Chapter 7, Problem 78E

Interpretation Introduction

(a)

Interpretation:

The reaction ${\text{H}}_2{\text{SO}}_4\left(aq\right)+\text{LiOH}\left(aq\right)\to$ is to be completed and balanced.

Concept introduction:

The process in which the reactants combine to form a new product is called a chemical reaction. The chemical and physical properties of the products are different from those of the reactants. The different types of chemical reactions are combination reaction, decomposition reaction, and displacement reaction.

Answer to Problem 78E

The reaction ${\text{H}}_2{\text{SO}}_4\left(aq\right)+\text{LiOH}\left(aq\right)\to$ is completed and balanced as shown below. ${\text{H}}_2{\text{SO}}_4\left(aq\right)+2\text{LiOH}\left(aq\right)\to {\text{Li}}_2{\text{SO}}_{\text{4}}\left(aq\right)+{\text{2H}}_{\text{2}}\text{O}\left(l\right)$

Explanation of Solution

The reaction of an acid with a base results in the formation of salt and water. This reaction is known as the neutralization reaction.
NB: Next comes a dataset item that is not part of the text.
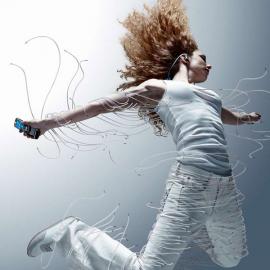 Motorola Rokr Z6 广告欣赏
Therefore, the chemical equation for the reaction ${\text{H}}_2{\text{SO}}_4\left(aq\right)+\text{LiOH}\left(aq\right)\to$ is given below.

${\text{H}}_2{\text{SO}}_4\left(aq\right)+\text{LiOH}\left(aq\right)\to {\text{Li}}_2{\text{SO}}_{\text{4}}\left(aq\right)+{\text{H}}_{\text{2}}\text{O}\left(l\right)$

The number of atoms on either side of the equation is not the same. Therefore, the coefficient $2$ is added before $\text{LiOH}\left(aq\right)$ and ${\text{H}}_{\text{2}}\text{O}\left(l\right)$ to balance the equation. Therefore, the balanced equation is given below.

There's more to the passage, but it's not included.